Riots: Advice for employers
Employment Law & HR update 10/08/2011
Mentor is on hand to provide help to businesses unlucky enough
to be affected by the recent disruption caused by rioting in
several of our major cities. Even if you’ve been lucky enough
not to be affected, would you know how to deal with staff who don’t
feel safe travelling to work or who have to be sent home when the
workplace closes?
Here, our Employment Law & HR team provide
answers to some of the tricky questions employers across the UK
have been facing this week. Remember that specific advice on your
organisation’s situation is available from our 24 hour Telephone
Advice Service.
I have closed my business
temporarily due to safety concerns – do I still have to pay my
employees?
Yes. If you can’t provide work for employees
who are willing and able to work you should pay them their normal
rate of pay.
Employees could be ‘laid off’ without normal
pay if there is a specific term in the contract allowing the
employer to do this. Employees are entitled to a statutory
Guarantee Payment if they are laid off without pay. The current
rate is a maximum of £22.20 per day for up to five days in any
period of three months. An employee who normally works three days
per week would be entitled to a maximum of three days’ guarantee
pay in the three month period.
Can I take disciplinary action against
an employee who can’t come to work because his child’s nursery has
closed due to the rioting?
Employees are entitled to emergency time off
to care for dependants. The time off can be unpaid and should only
be for a reasonable length of time, to allow for alternative care
arrangements to be made. If the employee has contacted you to tell
you about the situation then disciplinary action would not be
appropriate.
An employee who is dismissed as a result of
taking emergency time off to look after a dependant will be
regarded as unfairly dismissed.
Some employees have refused to come in
to work because of travel difficulties. Do I still have to pay
them?
No. If you remain open for business but your
employees do not come to work you are not legally obliged to pay
them.
You might want to consider alternatives, such
as temporary home working, amending working patterns or allowing
employees to take paid holidays at short notice.

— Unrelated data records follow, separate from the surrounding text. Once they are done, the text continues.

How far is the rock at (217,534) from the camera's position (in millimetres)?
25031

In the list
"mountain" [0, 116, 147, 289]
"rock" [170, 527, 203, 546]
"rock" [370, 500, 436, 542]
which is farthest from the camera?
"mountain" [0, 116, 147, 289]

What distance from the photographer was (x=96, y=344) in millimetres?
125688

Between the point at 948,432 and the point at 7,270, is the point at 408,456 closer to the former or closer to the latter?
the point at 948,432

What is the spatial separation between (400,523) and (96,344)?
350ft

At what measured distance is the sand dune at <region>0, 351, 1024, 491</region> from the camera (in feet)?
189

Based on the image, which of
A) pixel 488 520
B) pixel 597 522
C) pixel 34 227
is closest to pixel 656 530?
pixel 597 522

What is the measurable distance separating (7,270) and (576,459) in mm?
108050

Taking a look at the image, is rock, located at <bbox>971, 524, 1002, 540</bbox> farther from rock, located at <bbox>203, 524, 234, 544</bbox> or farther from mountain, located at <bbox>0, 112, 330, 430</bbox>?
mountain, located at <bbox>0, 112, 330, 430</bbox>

Can I make employees take holidays if
they are not coming to work?If your employees are entitled
to the statutory minimum holiday entitlement of 5.6 weeks per year,
you should normally give them twice as much notice as the amount of
holiday you want them to take. Any additional entitlement
over the statutory minimum is not subject to the same rules, unless
that is stated in the contracts of employment.
On the other hand, if employees who don’t come
to work ask to take a day’s holiday, there is nothing to stop you
agreeing to this.
If you would like further information, and already
subscribe to NatWest
Mentor,
please call the Advice Service. If you
would like more information on how Mentor could help your business
in situations like this and many others, contact us today for information.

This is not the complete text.